Edition critique et commentée. Thèse de Thierry Sudour

D 3 janvier 2009     A par Viktor Kirtov - C 1 messages Version imprimable de cet article Version imprimable    ................... PARTAGER . facebook


Quelques jours avant sa soutenance de thèse sur Paradis, Thierry Sudour nous avait adressé un message avec en pièce jointe, un extrait de celle-ci - une refonte totale de la prépublication de L’Infini que nous avions publiée. Ce scoop du moment nous a échappé ! Pas vu la pièce jointe ! Découverte à l’occasion de la sauvegarde de fin d’année des messages de ma boîte qui méritaient de l’être. Occasion aussi de vous présenter cet extrait en ce début d’année, et de souhaiter à Thierry Sudour un an neuf paradisiaque, en attendant la publication de la version complète.
Pièce au dossier :

Edition critique et commentée. Thierry Sudour

voix fleur lumière écho des lumières cascade jetée dans le noir chanvre écorcé filet dès le début c’est perdu plus bas je serrais ses mains fermées de sommeil et le courant s’engorgea redevint starter le fleuve la cité des saules soie d’argent sortie du papier jute lin roseau riz plume coton dans l’écume 325 lumen de lumine...

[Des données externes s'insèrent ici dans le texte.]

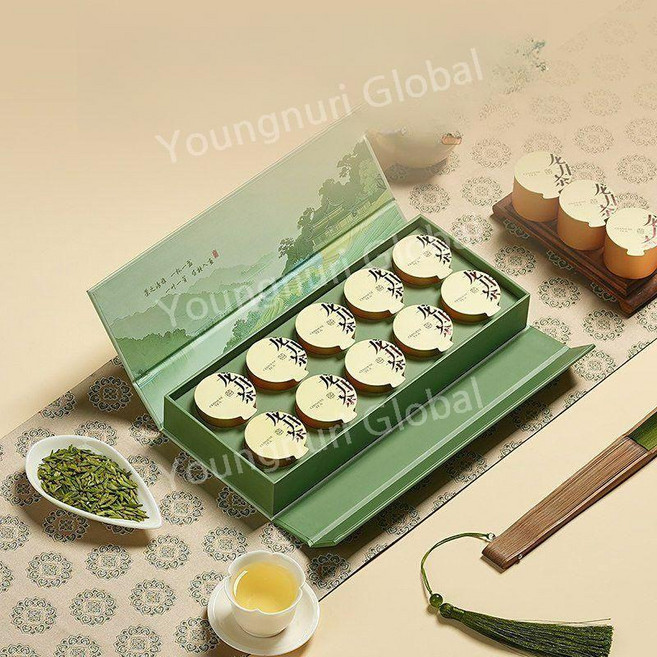 공식정품 항저우 서호용정 명전 프리미엄 녹차 선물세트 (어르신선물/답례품/소관차)요, 250g, 4g, 1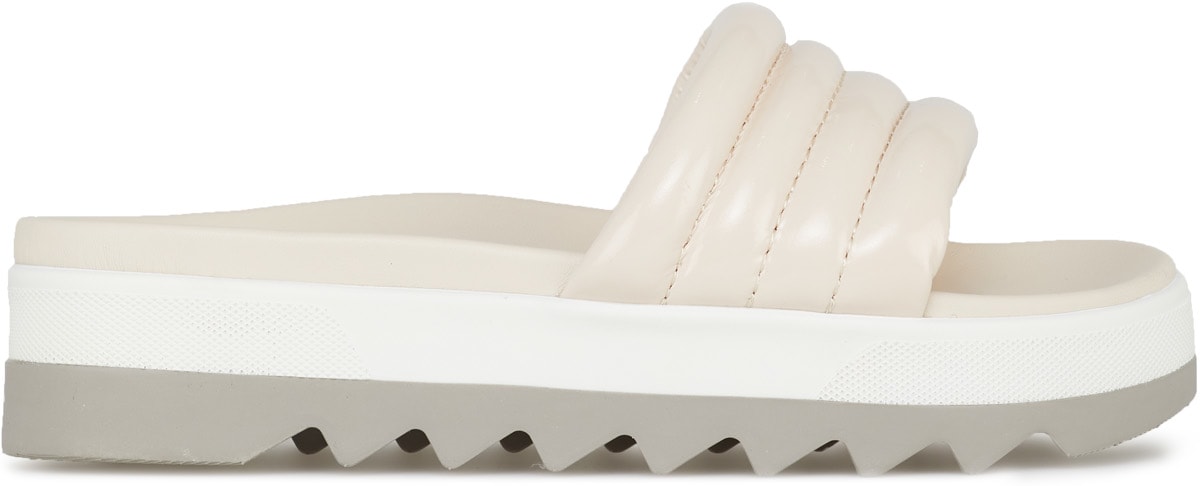 Cougar: White Prato Patent Sandals - 1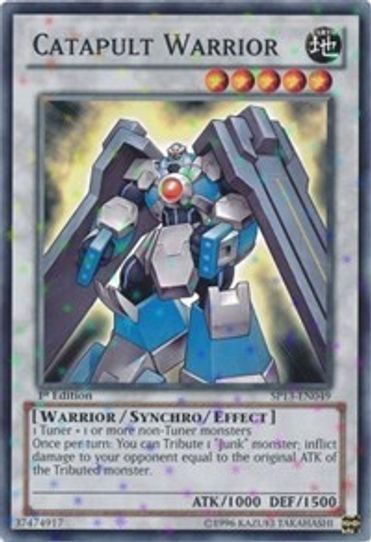 Catapult Warrior (Starfoil) (SP13-EN049) [Star Pack 2013]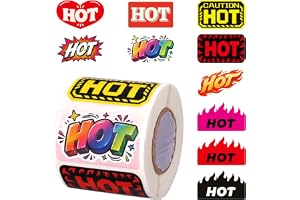500 St Rave Hot Stickers, Hot Theme Stickers (10 Stilar)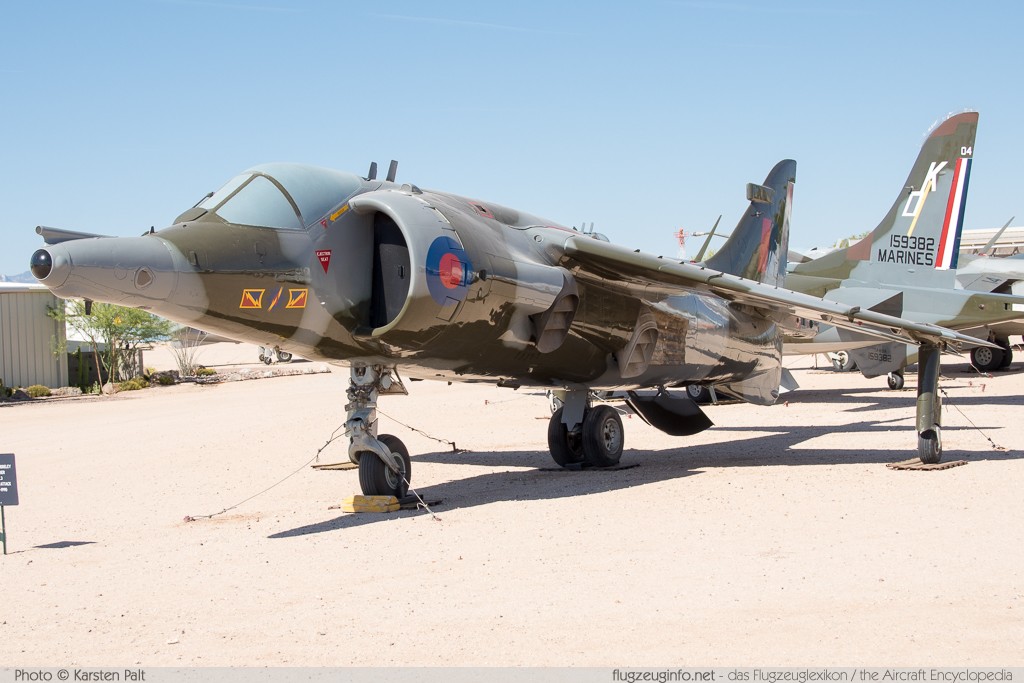 Hawker-Siddeley / BAe Harrier GR.3 Royal Air Force XV804 712054 Pima Air and Space Museum Tucson, AZ 2015-06-03 � Karsten Palt, ID 11066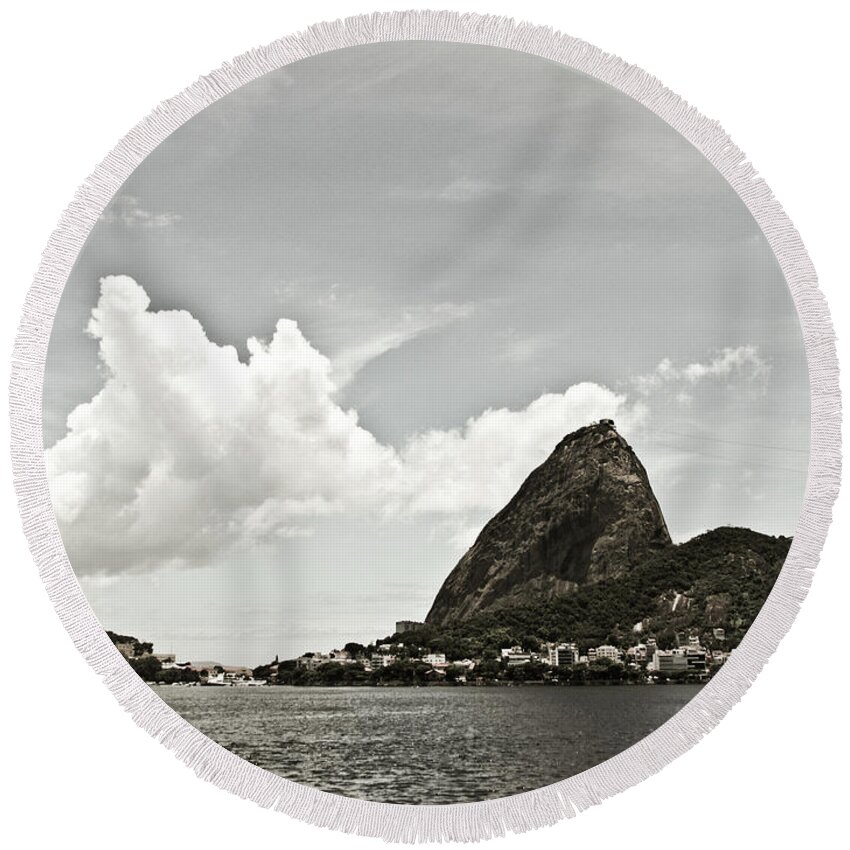 Riodejaneiro Round Beach Towel featuring the photograph Rio de Janeiro #84 by Cesar Vieira
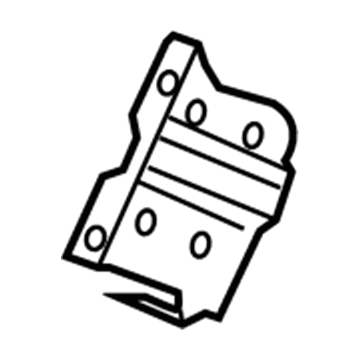 Honda 77255-SNA-A00 Bracket, Radio (Passenger Side)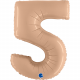 40 inch Nude Number 5 Satin Foil Balloon (1)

écho des lumières  : Au commencement de Paradis est donc la voix. voix est aussi le dernier mot de H (1973), qui s’achève par ces paroles inspirées du prophète Isaïe (40, 6) : « et si la voix crie tombant d’hydrogène alors que crierai-je crie-lui toute chair est comme l’herbe l’ombre la rosée du temps dans les voix ». Le mot voix renvoie alors non seulement à l’instance divine qui s’adresse au prophète, mais encore à l’incarnation de la parole dans un individu. Le mot fleur, lui, désigne chez Isaïe « toute [la] gloire » éphémère de la chair. Dans le contexte où il est employé par Sollers, cette « gloire » de la chair est, bien entendu, sa jouissance. Or celle-ci n’est que l’ombre la rosée du temps dans les voix : le pluriel de voix signale des accents et des inflexions multiples et place d’emblée la chair et sa jouissance sous l’ordre de la manifestation musicale, lumière écho des lumières, à la fois connaissance et résonance dans la polyphonie. Reformulation du lumen de lumine, la « lumière de la lumière » qui désigne le Verbe incarné dans le Credo (voir note 12), l’écho des lumières signale, à travers les phénomènes de répétition et de résonance propres à l’écho, une dissipation de l’unité du Verbe à travers les voix. Littéralement, dans ce fragment initial, la fleur, la jouissance de la chair, est l’écho des voix, elle-même écoute et résonance de la voix. Dans cette triade, voix, fleur lumière et lumières il y a une émanation progressive de la parole, par échos successifs, ou comme une cascade. Ainsi le début du livre est une juxtaposition de mots qui n’est pas dépourvue d’un sens littéral, sans pour autant que cela dissuade une lecture ?ouvrante’ : on peut en effet lire dans ces premiers mots, au-delà de l’emprunt à Isaïe, une série d’associations (la voix peut alors être la fleur, la lumière et la cascade), ou encore un ?coup de dés’ appelant chacun des mots à ouvrir un espace de sens en rebondissant sur les autres (par exemple, la voix féconde la fleur et engendre la lumière). Si le texte de Paradis semble faire sens avec détermination, il n’empêche pas parfois sa parole de résonner, de se faire écho et se déployer à l’infini : sur la quatrième de couverture de Lois (1972), on pouvait lire cette citation de Mao : « La ligne est la corde principale du filet. Quand on la tire, les mailles s’ouvrent. ».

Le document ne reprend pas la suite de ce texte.